◆ **Exercise**
In the entries below, find the line with "işaret etti - 1" and the line with "208-360 Selby Street, Nanaimo, BC, V9R"; copy them and every line between them exactly, but not the pictures.

◆ **Information**
⟨

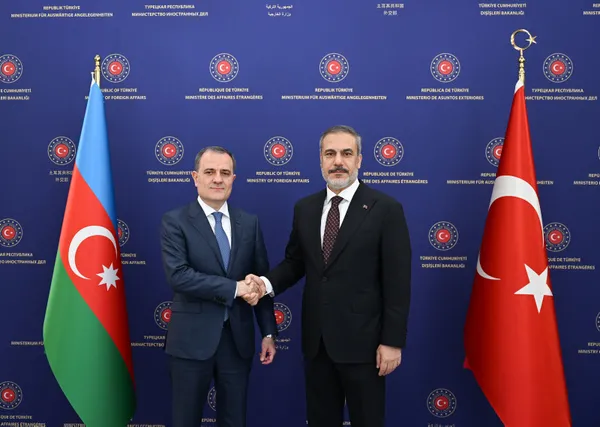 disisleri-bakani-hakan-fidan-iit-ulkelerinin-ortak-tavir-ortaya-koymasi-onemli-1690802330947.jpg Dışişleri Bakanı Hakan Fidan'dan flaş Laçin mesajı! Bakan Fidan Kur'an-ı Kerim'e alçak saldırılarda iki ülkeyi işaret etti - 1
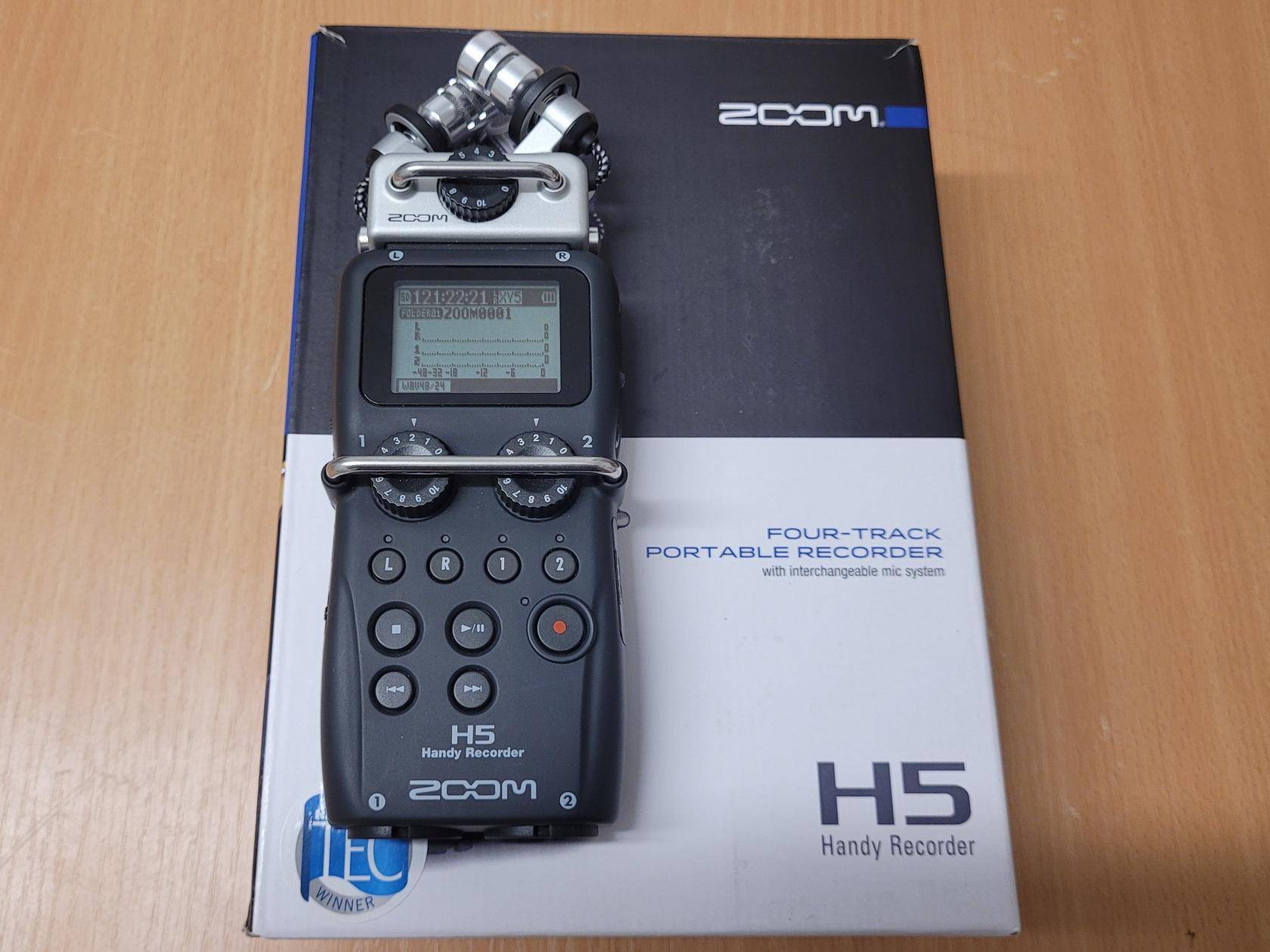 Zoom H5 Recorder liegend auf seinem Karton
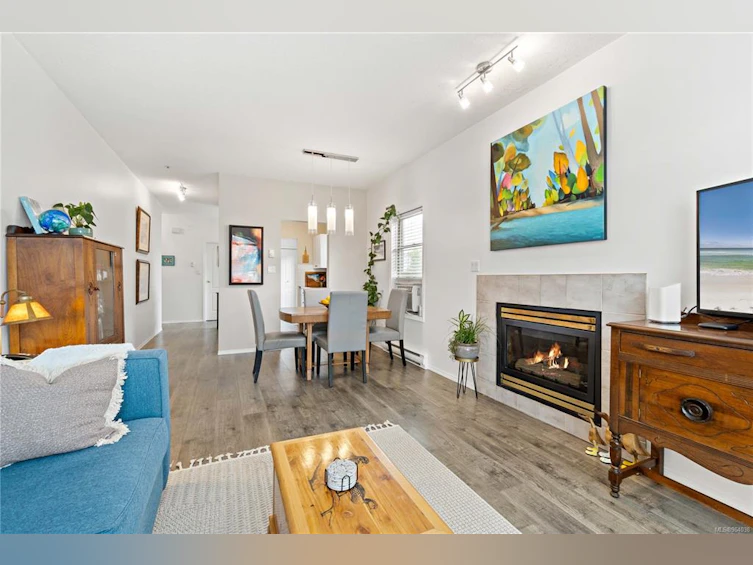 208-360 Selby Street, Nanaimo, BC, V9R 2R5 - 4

⟩
⟨

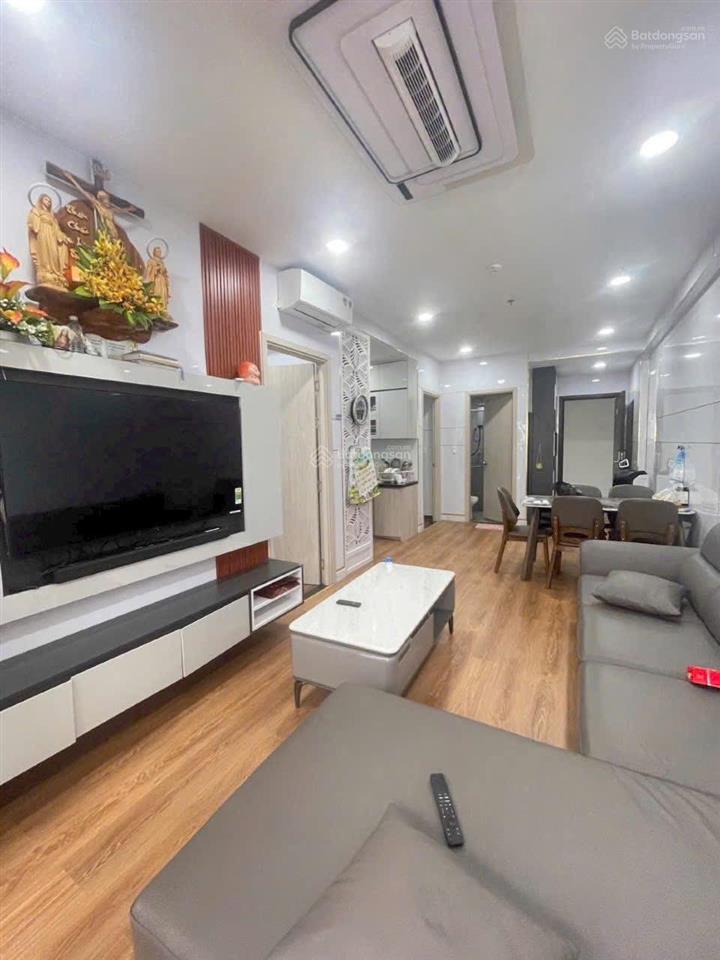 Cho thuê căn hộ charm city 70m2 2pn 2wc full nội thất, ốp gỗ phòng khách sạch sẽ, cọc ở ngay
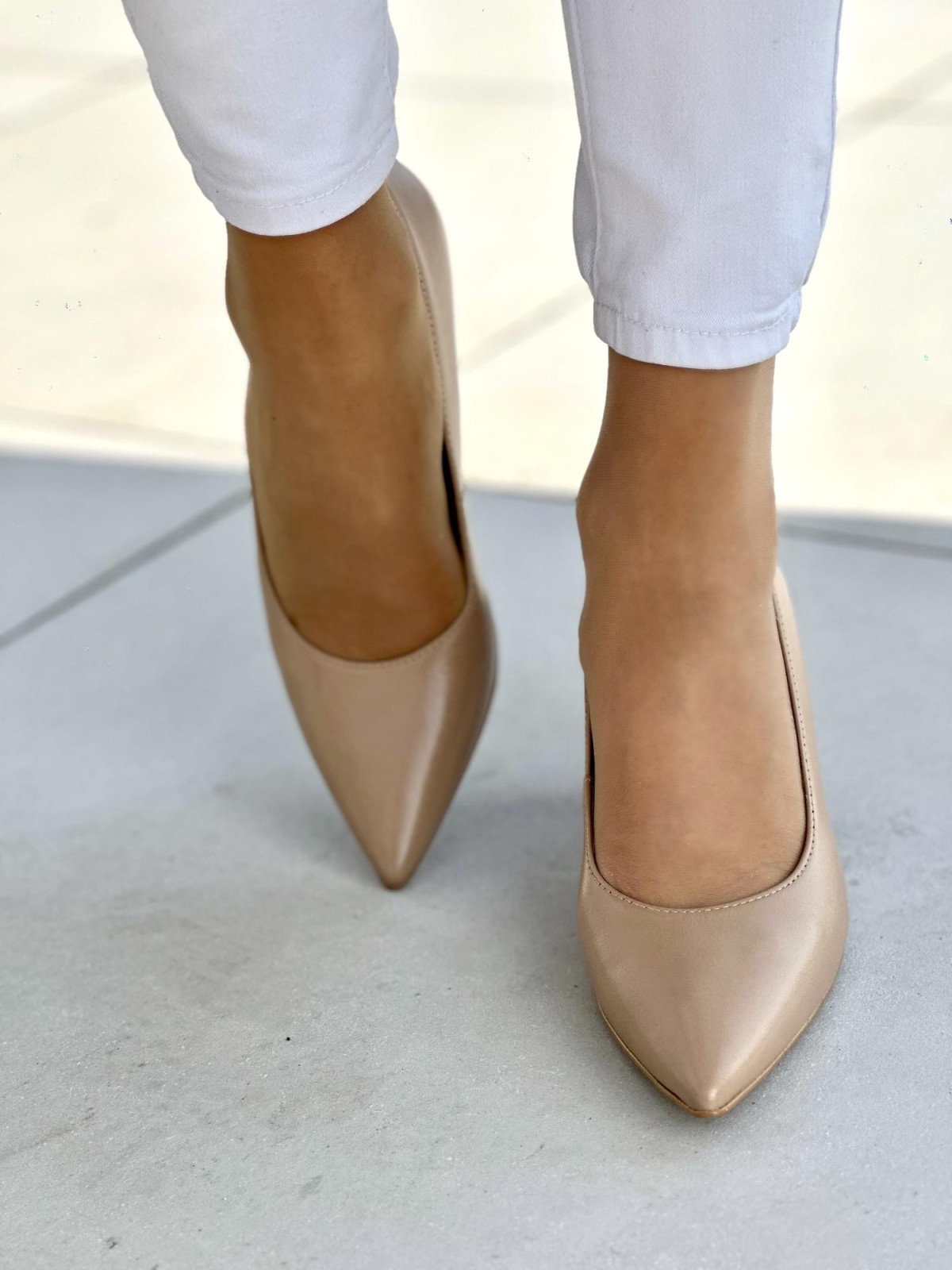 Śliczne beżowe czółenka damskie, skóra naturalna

⟩

◆ **Your solution**
 disisleri-bakani-hakan-fidan-iit-ulkelerinin-ortak-tavir-ortaya-koymasi-onemli-1690802330947.jpg Dışişleri Bakanı Hakan Fidan'dan flaş Laçin mesajı! Bakan Fidan Kur'an-ı Kerim'e alçak saldırılarda iki ülkeyi işaret etti - 1
 Zoom H5 Recorder liegend auf seinem Karton
 208-360 Selby Street, Nanaimo, BC, V9R 2R5 - 4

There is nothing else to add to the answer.